Given how well the classic song "Where Is My Mind?" worked at the end of Fight Club (1999) and given his "loudQUIETloud" (see Karina's review of the 2006 documentary) method of crafting songs, Black Francis (a.k.a. "Frank Black," a.k.a. Charles Thompson) would seem the perfect candidate to compose a fantastic new score for a classic silent film. And so an eager, sold-out crowd of fans lined up at the 51st San Francisco International Film Festival for a Friday night screening of Paul Wegener and Carl Boese's silent-era, German Expressionist horror film The Golem (1920), hoping for just that. Francis -- deliberately billed with his Pixies-era stage name -- set up underneath the screen at the Castro Theater with his seven-man band (strings, horns, keyboards, etc.) and started the proceedings with a blast of guitar (the "loud" portion of the evening).
Surprisingly, Francis' raspy, yowling vocals also emitted from the darkness; he has composed an album of songs to go with the film, rather than a traditional score. The trouble is that they don't always seem to go.
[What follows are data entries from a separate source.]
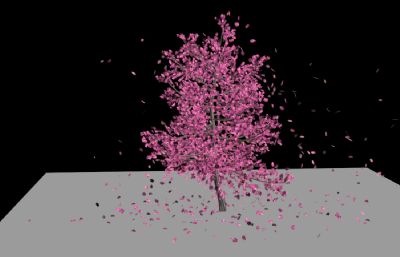 樱花树樱花随风飘落3Dmax动画源文件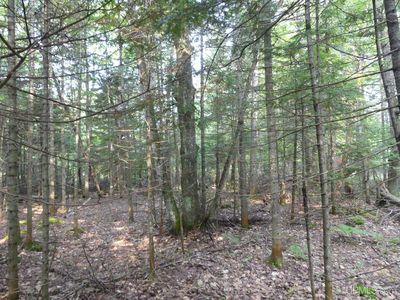 0 E Cemetery Rd, Grand Marais, MI, 49839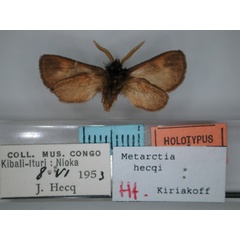 /filer/webapps/moths/media/images/H/hecqi_Metarctia_HT_RMCA_02.jpg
The effect is rather like synching Pink Floyd to The Wizard of Oz. Sometimes some magical cohesion happens between image and music, but most times the two forms are battling for your attention. The most distracting thing of all was a snarky commentator/narrator whose job was to make fun of the film between songs. ("There has to be a 12-step program for this!") At least once he spoke over the film's intertitles, and so viewers were forced to choose between trying to read or listen.
So, for those unable to follow the story, it goes like this: the emperor announces the expulsion of all the Jews from Prague. Rabbi Loew (Albert Steinruck) decides to save the day by building a man of clay and magically bringing it to life. In one amazing scene, the Rabbi and his assistant Famulus (Ernst Deutsch) conjure up a demon to learn the magic word that will animate the clay. Meanwhile, the messenger for the emperor, Knight Florian (Lathar Menthel), falls for the Rabbi's daughter, Miriam (Lyda Salmonova). Unfortunately, Famulus also loves her. The Golem does his job and saves the Jews, but before the Rabbi can return it to clay and destroy it, Famulus uses it to attack Florian (great way to win over the girl, that). From there, the Golem goes on a rampage, not unlike Frankenstein's monster.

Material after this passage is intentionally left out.